START Given records

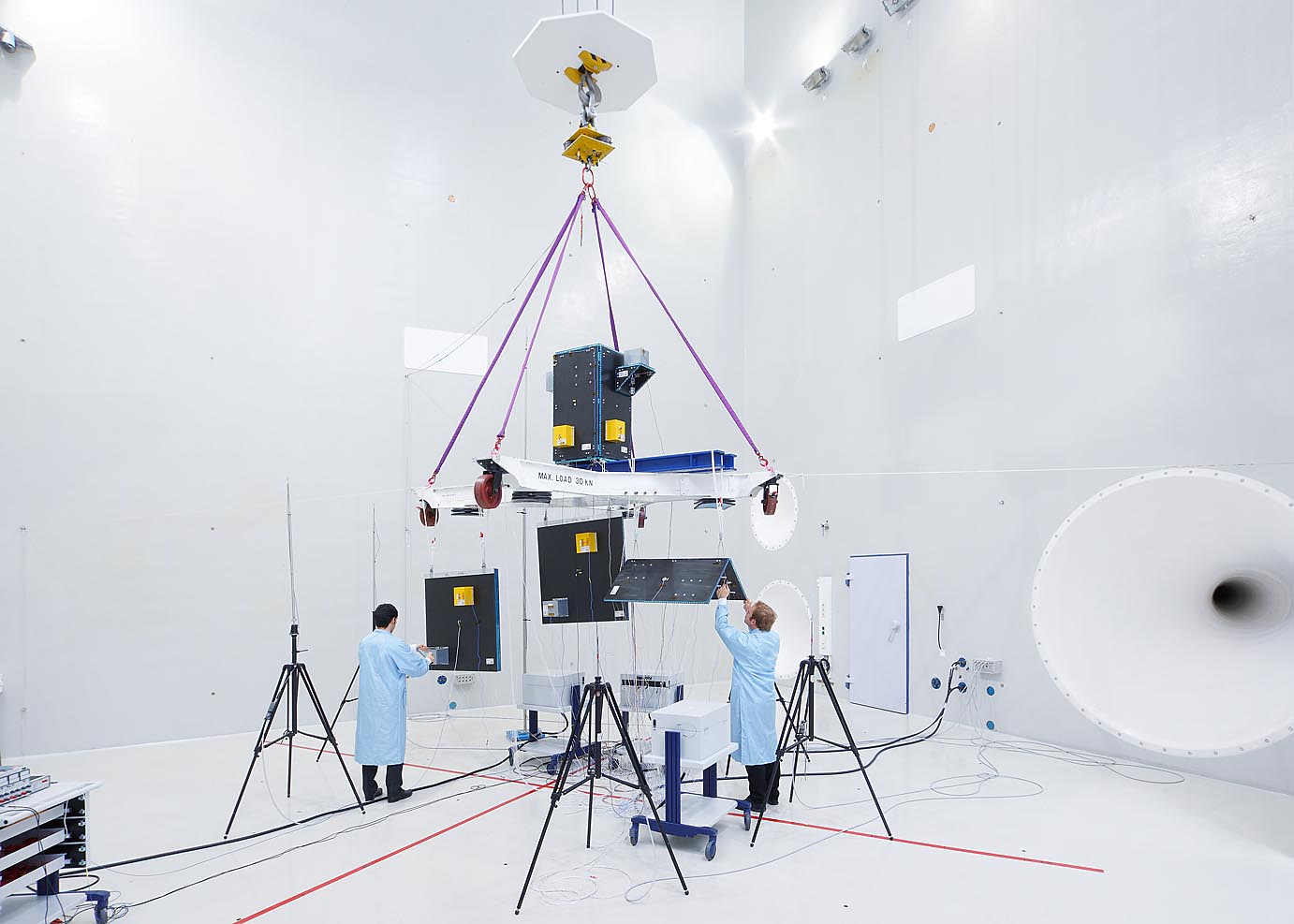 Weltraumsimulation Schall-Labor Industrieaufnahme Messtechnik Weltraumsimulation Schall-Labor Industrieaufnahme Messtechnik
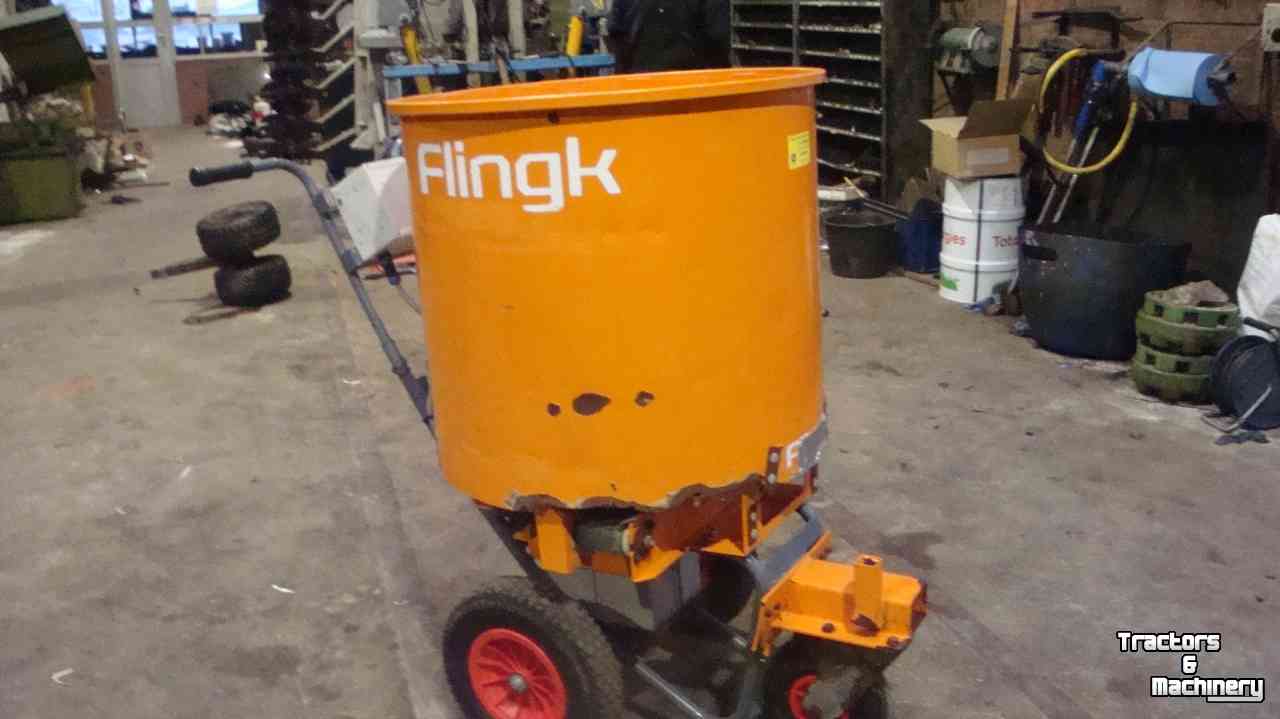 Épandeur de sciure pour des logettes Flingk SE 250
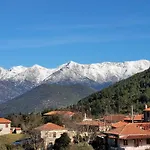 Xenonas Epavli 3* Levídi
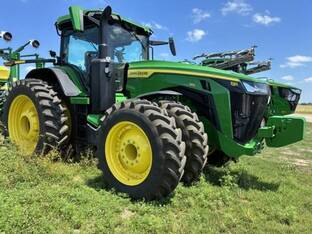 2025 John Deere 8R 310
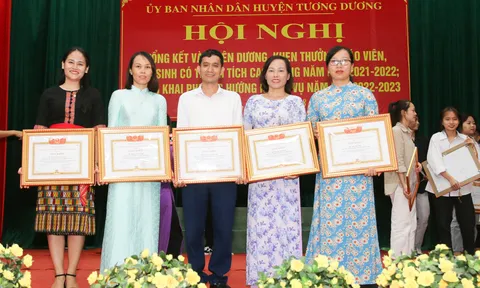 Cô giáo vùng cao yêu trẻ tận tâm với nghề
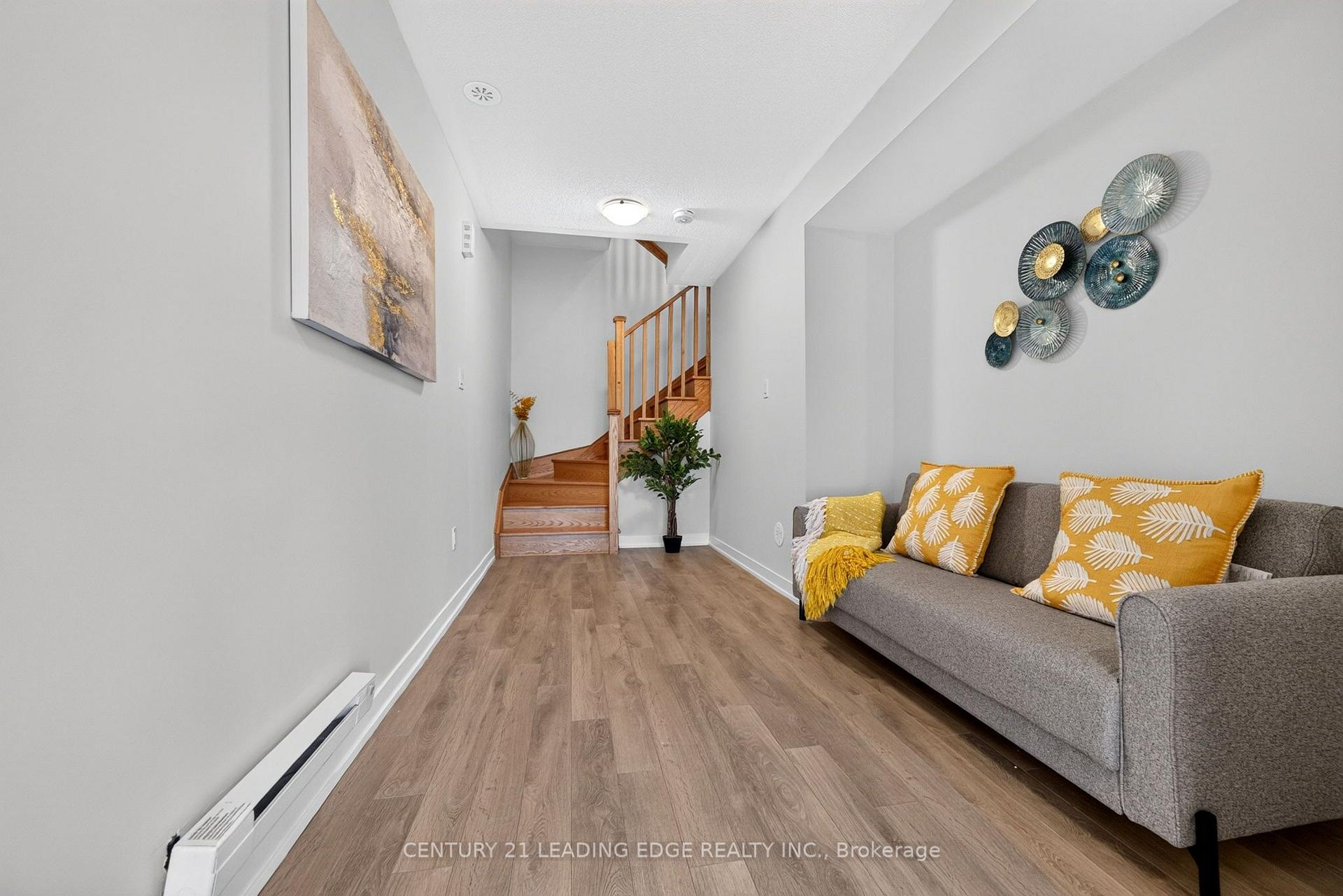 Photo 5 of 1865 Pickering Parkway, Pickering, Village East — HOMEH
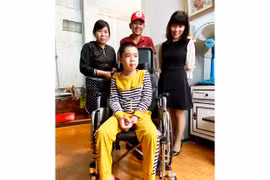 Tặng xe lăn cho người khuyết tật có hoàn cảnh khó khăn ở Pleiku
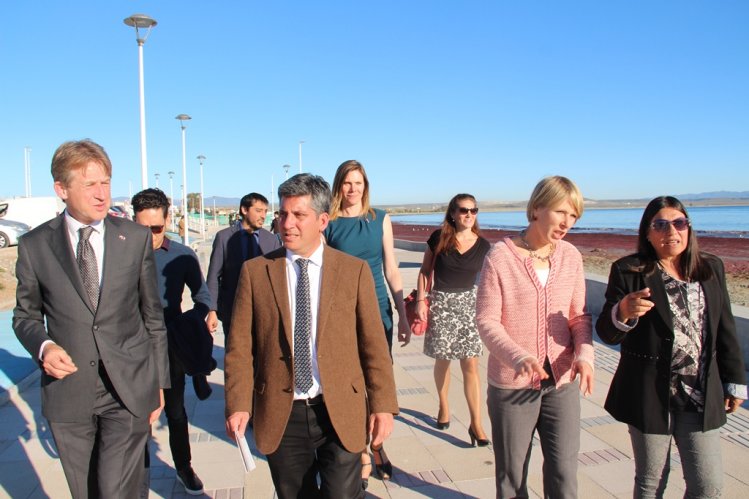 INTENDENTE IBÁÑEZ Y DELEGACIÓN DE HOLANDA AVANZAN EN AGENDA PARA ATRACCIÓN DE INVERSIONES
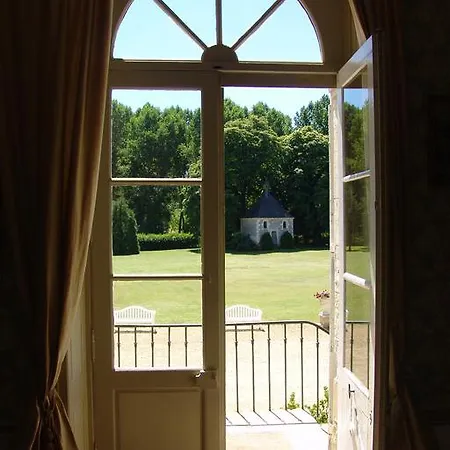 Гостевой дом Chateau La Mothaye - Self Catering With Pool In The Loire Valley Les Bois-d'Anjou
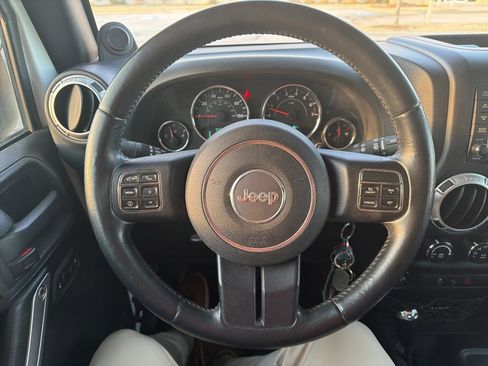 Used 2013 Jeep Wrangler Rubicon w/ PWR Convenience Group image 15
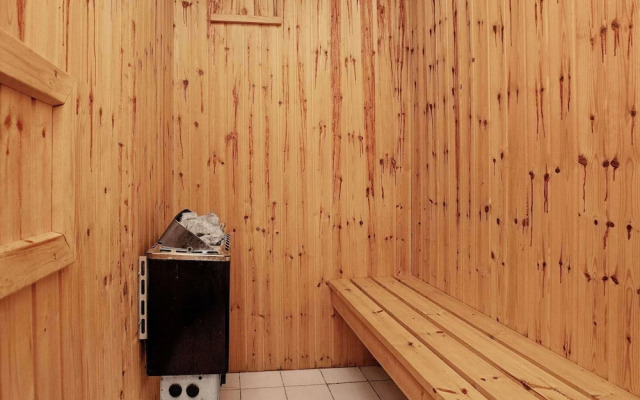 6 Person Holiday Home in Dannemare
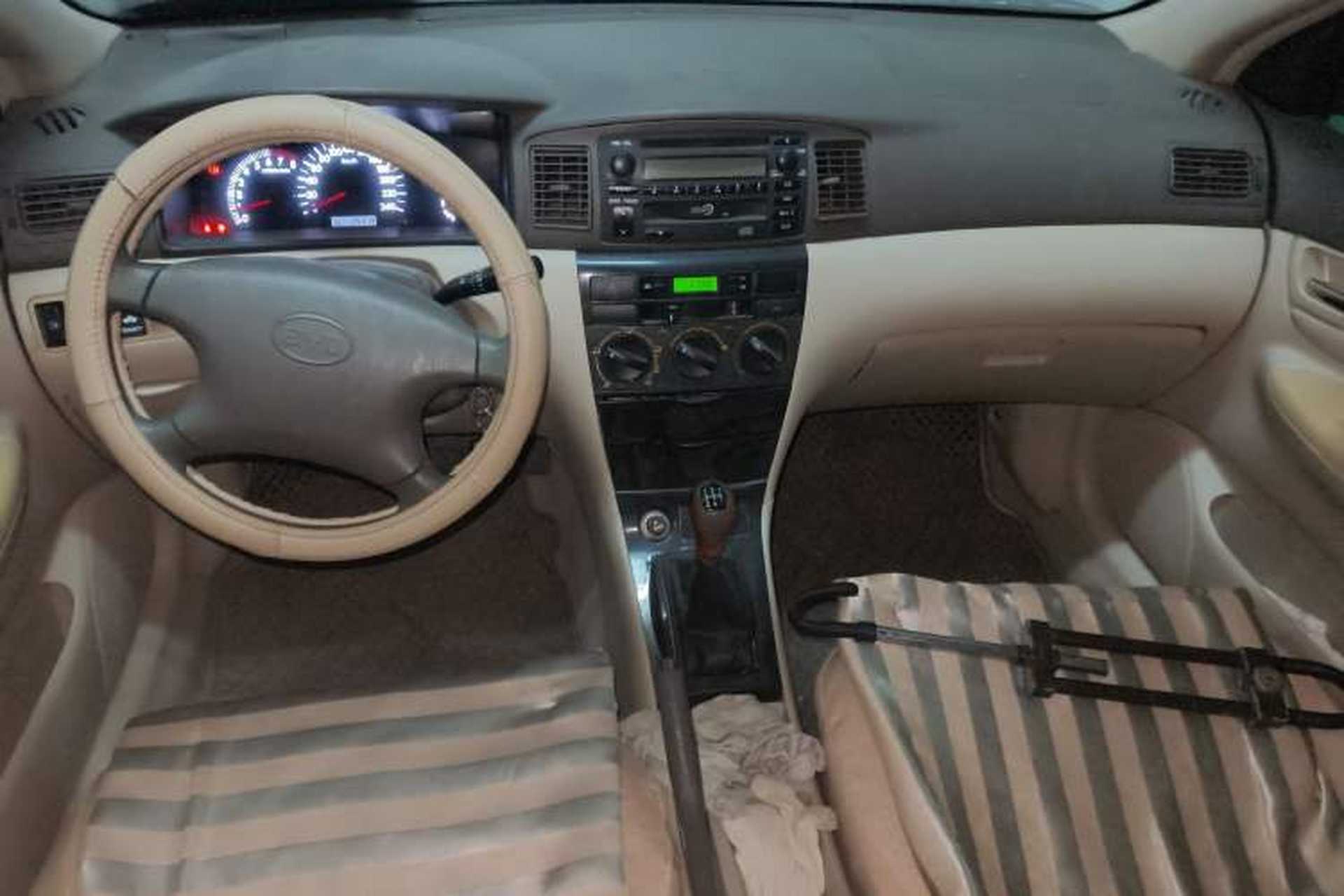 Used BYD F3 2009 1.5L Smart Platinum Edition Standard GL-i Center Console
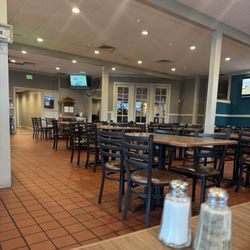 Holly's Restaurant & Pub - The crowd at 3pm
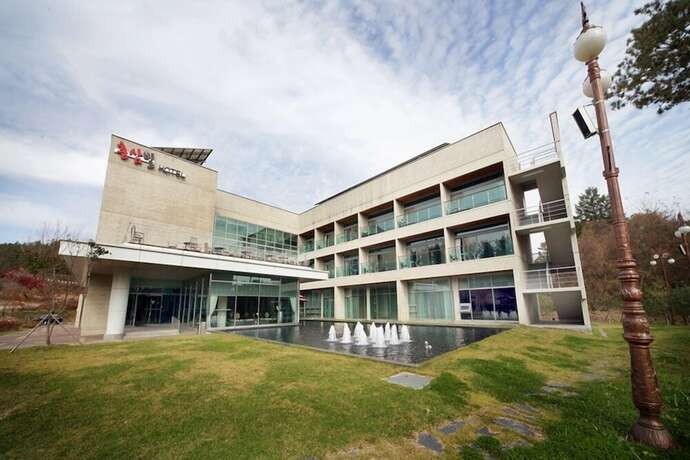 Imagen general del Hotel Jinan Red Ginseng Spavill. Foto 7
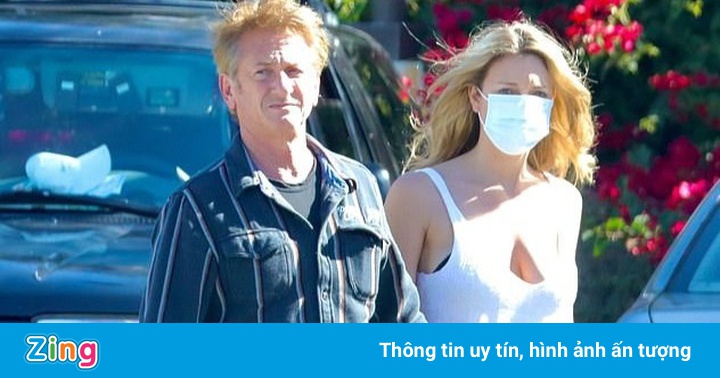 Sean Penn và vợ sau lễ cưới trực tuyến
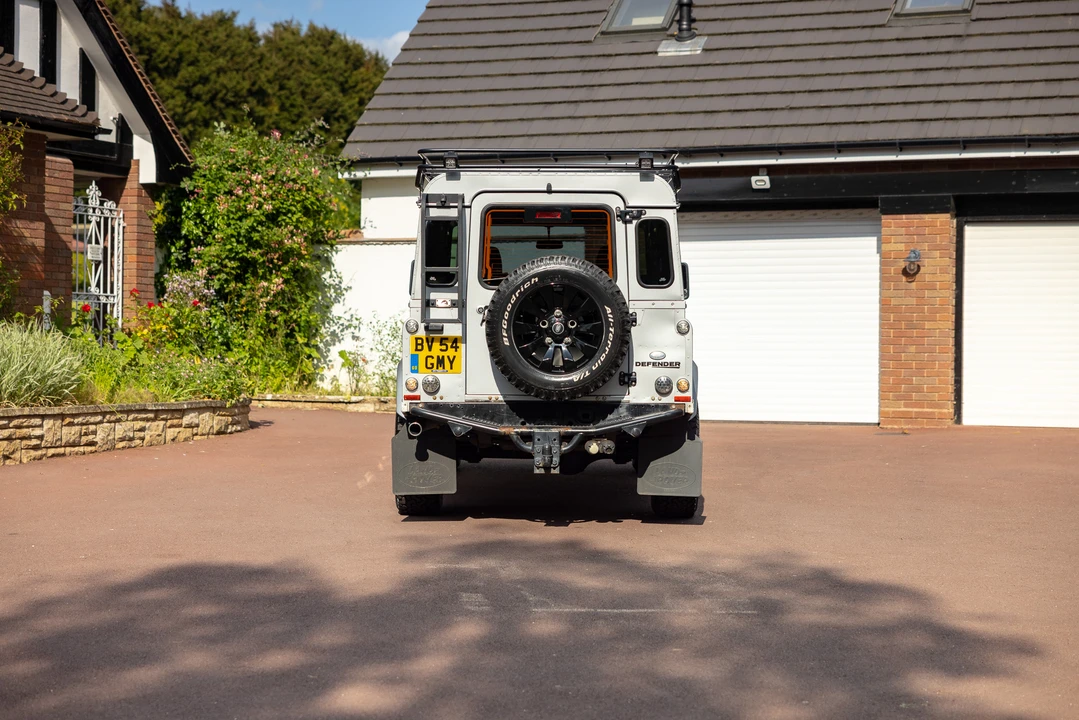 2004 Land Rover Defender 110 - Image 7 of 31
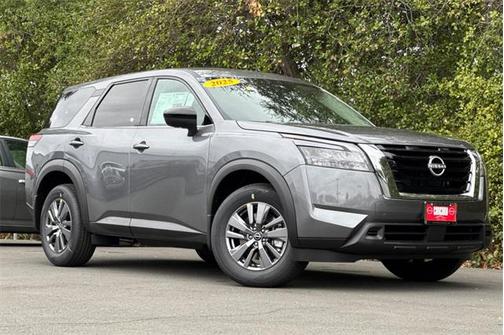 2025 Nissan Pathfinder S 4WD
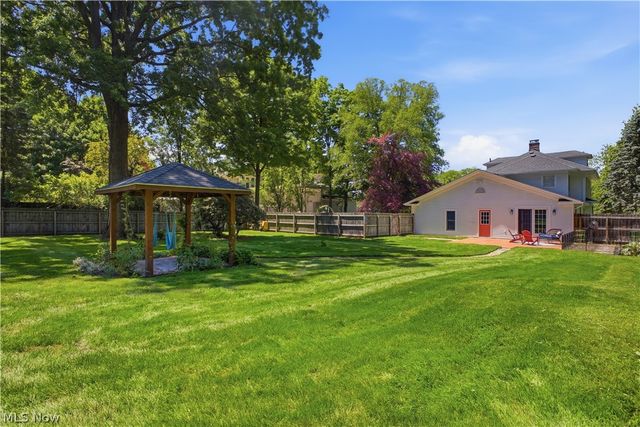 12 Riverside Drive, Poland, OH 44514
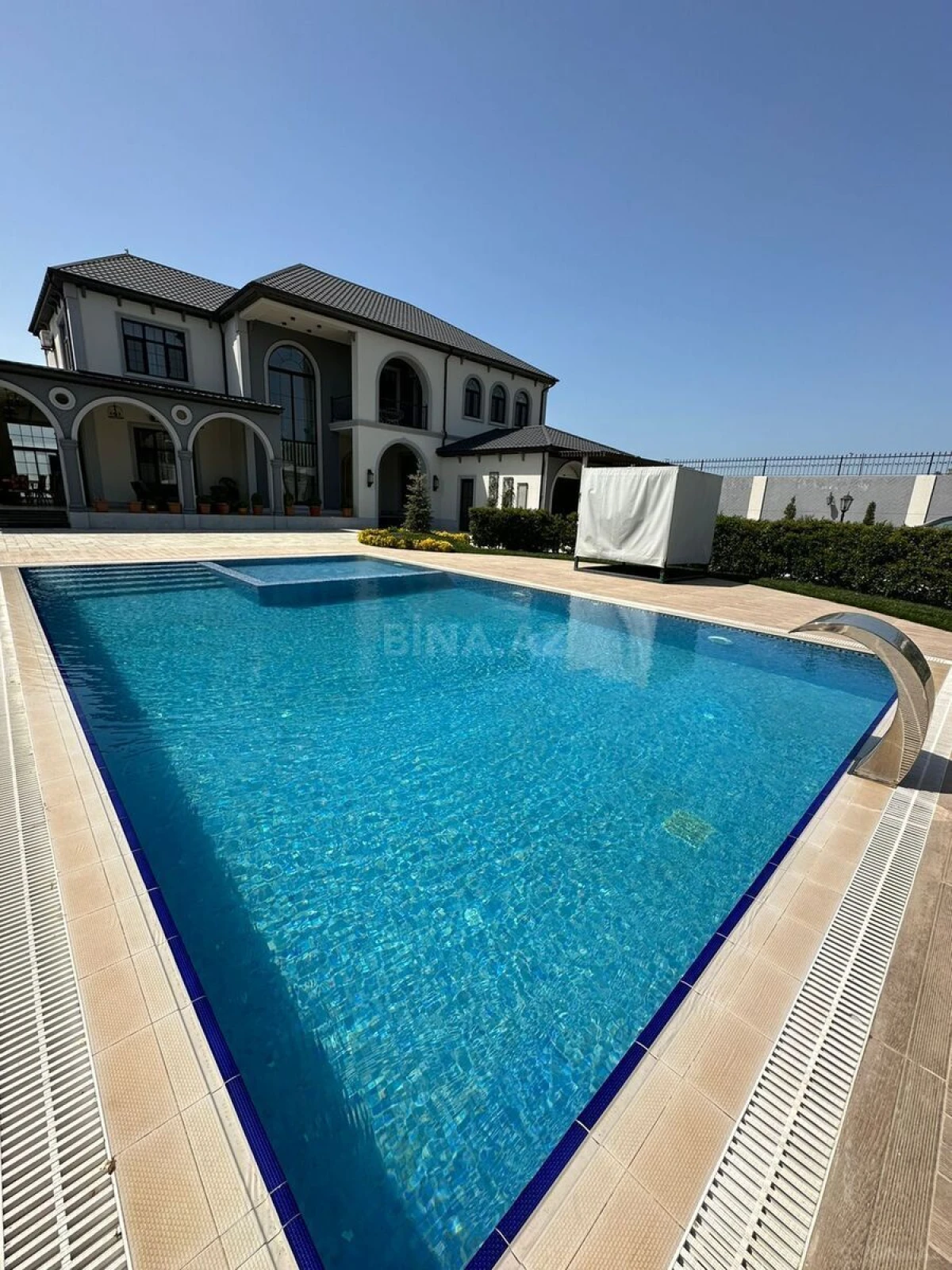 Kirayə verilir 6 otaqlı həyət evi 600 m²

END Given records

**What is expected:**
Retype only the lines above from the one with "2025 Nissan Pathfinder S 4WD" through the last, both ends included, keeping every picture out of the copy.

**Answer to this problem:**
 2025 Nissan Pathfinder S 4WD
 12 Riverside Drive, Poland, OH 44514
 Kirayə verilir 6 otaqlı həyət evi 600 m²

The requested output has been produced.